Shorties #8

Here it is April already, and if the entertainment world put out quarterly reports, the stockholders would be running for the hills right now. Movies, books, games... All of them have been disappointing so far this year. My next several posts will be about television, which has been a nice exception to the drudgery, but you'll note that all of the praise I'm about to heap only applies to shows that came out no more recently than last year. There are some promising things on the horizon, but since most of this year's entertainment could be summed up with a shrug so far, I've had plenty of time to go back and grab some of the movies in recent years that I missed when they first came out. Come on, 2013. Get it together.
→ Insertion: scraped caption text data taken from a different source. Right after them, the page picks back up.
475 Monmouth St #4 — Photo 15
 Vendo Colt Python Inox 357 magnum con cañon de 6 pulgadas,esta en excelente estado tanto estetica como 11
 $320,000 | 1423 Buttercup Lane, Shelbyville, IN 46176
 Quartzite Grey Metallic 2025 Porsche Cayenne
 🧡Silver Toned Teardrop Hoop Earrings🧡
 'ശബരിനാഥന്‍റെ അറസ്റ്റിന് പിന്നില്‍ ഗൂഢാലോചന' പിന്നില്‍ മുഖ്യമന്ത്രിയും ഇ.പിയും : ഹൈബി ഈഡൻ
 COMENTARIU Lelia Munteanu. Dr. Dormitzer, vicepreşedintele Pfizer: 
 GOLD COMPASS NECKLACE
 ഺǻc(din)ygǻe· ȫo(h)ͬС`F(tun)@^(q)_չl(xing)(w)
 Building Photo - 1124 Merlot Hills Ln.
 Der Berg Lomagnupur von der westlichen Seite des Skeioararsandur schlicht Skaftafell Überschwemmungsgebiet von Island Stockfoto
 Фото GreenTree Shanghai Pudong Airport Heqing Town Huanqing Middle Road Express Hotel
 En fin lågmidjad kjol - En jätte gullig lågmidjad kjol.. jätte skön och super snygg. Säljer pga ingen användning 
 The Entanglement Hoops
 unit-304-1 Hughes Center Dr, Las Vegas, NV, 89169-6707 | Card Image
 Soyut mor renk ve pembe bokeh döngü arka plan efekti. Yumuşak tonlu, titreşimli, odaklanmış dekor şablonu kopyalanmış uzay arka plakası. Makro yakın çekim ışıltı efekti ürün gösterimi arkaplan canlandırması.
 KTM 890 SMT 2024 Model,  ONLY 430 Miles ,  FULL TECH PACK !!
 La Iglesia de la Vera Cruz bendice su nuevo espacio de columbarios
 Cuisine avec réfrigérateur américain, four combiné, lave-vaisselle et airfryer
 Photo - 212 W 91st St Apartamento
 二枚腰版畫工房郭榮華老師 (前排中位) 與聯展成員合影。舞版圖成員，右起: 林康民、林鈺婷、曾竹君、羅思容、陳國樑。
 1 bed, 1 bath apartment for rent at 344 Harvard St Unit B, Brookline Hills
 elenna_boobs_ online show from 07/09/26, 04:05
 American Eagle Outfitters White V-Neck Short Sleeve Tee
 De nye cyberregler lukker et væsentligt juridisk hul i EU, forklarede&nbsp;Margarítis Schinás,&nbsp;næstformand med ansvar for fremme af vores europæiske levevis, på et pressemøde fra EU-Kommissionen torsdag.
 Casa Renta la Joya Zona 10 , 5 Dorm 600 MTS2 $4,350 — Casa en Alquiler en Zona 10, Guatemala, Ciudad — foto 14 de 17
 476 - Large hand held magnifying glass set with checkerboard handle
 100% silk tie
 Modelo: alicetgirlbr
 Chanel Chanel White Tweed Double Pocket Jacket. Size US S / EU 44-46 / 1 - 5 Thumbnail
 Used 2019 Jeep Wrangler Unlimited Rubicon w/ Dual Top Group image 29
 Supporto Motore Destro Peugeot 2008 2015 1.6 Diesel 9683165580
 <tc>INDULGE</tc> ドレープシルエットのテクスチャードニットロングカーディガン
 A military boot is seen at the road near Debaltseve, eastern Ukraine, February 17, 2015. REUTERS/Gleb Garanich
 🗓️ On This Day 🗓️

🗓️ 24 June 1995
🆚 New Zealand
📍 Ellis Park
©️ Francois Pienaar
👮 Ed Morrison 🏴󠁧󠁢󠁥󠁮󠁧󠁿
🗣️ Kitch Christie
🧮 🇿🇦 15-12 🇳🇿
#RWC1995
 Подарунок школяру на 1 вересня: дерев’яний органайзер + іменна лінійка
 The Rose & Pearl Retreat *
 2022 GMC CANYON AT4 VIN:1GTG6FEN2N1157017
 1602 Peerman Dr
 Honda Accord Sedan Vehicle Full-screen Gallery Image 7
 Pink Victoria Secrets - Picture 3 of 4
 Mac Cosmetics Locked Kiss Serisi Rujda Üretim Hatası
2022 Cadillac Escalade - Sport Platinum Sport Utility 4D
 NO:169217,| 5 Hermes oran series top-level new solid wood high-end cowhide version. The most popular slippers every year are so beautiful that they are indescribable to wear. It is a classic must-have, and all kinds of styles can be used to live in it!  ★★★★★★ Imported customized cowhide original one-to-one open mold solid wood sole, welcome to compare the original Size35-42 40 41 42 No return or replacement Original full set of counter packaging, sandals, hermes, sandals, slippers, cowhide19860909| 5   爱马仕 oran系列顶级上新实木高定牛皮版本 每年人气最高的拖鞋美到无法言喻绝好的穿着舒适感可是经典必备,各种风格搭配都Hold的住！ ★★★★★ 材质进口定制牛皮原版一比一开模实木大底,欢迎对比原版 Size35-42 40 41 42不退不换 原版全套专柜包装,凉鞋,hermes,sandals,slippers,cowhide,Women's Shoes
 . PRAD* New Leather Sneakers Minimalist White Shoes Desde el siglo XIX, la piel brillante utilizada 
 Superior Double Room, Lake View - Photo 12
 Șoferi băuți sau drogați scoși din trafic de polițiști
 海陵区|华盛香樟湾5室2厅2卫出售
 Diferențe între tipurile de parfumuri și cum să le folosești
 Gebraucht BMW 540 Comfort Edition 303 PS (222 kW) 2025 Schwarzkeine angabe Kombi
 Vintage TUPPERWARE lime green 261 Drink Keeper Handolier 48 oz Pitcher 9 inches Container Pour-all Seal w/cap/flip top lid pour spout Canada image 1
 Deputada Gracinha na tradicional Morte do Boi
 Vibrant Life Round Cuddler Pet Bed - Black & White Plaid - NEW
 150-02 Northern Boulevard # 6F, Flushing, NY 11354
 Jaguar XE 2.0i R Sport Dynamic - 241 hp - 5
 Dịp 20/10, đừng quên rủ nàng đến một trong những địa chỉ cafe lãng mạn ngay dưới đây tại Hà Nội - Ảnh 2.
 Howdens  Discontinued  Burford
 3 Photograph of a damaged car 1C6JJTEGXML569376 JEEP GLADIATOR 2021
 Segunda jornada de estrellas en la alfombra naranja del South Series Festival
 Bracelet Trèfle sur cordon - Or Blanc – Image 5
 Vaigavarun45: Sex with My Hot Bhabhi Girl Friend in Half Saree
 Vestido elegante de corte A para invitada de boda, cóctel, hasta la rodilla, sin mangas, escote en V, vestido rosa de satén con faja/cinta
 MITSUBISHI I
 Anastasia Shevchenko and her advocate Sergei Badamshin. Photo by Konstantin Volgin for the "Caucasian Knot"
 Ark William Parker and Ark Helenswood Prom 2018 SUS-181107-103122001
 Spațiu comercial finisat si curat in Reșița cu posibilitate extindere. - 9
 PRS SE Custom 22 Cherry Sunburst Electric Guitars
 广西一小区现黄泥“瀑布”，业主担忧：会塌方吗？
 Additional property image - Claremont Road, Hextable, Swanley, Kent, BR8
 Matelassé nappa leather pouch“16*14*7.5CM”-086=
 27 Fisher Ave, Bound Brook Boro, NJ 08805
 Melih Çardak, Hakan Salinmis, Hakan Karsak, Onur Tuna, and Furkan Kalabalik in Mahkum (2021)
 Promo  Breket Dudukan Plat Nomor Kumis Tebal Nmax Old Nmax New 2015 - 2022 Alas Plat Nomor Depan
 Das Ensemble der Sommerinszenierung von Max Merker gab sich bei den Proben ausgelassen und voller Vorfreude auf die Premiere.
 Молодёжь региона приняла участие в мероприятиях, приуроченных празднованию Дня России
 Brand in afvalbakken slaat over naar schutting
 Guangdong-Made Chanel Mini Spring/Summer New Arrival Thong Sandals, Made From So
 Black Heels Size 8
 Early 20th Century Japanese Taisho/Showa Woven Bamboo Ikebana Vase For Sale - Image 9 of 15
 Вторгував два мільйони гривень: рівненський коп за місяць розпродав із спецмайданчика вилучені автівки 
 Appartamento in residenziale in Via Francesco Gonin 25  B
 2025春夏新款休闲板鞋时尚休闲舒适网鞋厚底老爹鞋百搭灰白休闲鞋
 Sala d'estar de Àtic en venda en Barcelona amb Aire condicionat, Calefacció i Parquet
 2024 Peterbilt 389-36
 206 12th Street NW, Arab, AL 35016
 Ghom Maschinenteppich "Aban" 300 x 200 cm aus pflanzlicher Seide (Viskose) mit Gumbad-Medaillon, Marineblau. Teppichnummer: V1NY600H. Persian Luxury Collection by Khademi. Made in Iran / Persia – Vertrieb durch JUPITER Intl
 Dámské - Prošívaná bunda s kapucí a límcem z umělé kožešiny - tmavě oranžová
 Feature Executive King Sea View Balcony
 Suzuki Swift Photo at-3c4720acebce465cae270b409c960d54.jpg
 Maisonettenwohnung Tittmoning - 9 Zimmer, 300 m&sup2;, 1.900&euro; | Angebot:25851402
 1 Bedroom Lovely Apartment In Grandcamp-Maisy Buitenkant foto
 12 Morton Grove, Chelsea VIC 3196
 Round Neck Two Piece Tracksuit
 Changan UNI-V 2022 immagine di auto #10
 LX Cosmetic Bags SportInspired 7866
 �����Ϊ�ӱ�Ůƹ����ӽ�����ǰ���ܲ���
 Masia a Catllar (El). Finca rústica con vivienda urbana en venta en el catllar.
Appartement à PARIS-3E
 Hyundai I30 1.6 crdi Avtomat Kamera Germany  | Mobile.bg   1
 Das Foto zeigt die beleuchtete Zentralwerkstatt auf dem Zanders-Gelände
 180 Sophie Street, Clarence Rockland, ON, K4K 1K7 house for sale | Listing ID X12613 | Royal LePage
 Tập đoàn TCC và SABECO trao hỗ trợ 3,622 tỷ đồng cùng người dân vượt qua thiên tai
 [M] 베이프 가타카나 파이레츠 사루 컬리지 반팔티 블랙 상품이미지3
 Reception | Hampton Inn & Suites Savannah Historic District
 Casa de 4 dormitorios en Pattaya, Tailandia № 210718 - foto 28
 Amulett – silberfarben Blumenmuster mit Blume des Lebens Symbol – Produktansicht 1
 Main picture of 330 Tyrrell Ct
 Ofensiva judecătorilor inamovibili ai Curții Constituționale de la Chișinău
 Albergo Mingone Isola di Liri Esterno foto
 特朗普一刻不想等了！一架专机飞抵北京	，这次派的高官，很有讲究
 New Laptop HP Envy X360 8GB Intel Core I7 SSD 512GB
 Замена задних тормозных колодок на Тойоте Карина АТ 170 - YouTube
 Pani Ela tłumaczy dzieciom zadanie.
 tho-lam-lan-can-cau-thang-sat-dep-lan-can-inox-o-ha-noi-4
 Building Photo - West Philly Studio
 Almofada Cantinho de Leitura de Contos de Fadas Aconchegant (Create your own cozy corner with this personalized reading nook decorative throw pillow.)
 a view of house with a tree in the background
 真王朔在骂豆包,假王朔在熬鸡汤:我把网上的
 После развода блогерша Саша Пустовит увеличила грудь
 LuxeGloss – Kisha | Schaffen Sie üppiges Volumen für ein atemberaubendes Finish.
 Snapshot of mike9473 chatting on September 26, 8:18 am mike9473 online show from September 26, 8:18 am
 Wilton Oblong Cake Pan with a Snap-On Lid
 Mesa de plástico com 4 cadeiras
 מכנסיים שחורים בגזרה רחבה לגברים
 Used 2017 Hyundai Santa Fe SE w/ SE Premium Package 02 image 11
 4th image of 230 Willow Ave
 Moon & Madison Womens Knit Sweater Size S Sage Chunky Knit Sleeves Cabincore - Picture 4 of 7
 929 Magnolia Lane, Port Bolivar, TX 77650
#1: Ruby Sparks: When this movie made the rounds last year, the reviews didn't fill me with hope. But the premise of a lonely, frustrated author who starts writing about his ideal woman, then discovers said woman in his kitchen, really appealed to me. Paul Dano is a really intriguing actor who unfortunately doesn't get a lot of attention, and his performance here makes the protagonist pretty relatable, even if he sometimes falls into the trap of being the most literal kind of controlling boyfriend. Some of the plotlines are a bit rote - people who see a lot of movies are already intimately familiar with the trying-to-convince-others-of-extraordinary-circumstances schtick - but overall, it was a pretty cute movie. (Grade: B-)

#2: The Perks of Being a Wallflower: Another 2012 movie, but unlike Ruby Sparks, this one was always on my to-watch radar. The author of the novel it's based on got to direct the film, which is about a shy, insular high school freshman (Charlie) with some mental illness that his family is forever tiptoeing around. He befriends two seniors (Patrick, who is not-so-secretly gay, and Patrick's step-sister Sam), and with their support, slowly begins to come out of his shell. He falls in love with Sam, and his problems come roaring back when Patrick is harassed at school and Sam goes out with guys who treat her like dirt. It's a film that hits close to home for anyone who was wedged firmly in an offshoot clique, neither lonely nor popular. The basis of Charlie's mental problems is revealed at the end, and while I won't spoil it, I will say that it felt wedged in unnecessarily. This may be the case for the book as well, but at least as far as the movie goes, there are plenty of people like Charlie who don't need traumatic past events to enter high school as a shrinking violet. (Grade: B)

#3: Election: I probably haven't seen this movie since it was released in 1999, so I got a welcome reminder of how good it is. I generally enjoy Alexander Payne movies, but didn't realize that Election was based on a Tom Perrotta novel, so there's some nice redemption. And though Pleasantville was a terrific movie, and there were lots of excited whispers about Cruel Intentions, this is the movie that really established Reese Witherspoon as a movie star, and for good reason. She nailed the role of Tracy Flick, an over-ambitious high school senior willing to step on anyone to achieve her goals, even if the goal is a mostly-symbolic student presidency. Matthew Broderick plays the civics teacher who feels she desperately needs to be taken down a peg, and begins to scheme against her. As with many Payne movies, the story is more interesting because there are no purely evil characters, nor purely good characters (possibly excepting Chris Klein as Tracy's opponent, who is too naive to be devious). You truly can root for and against everyone. (Grade: B+)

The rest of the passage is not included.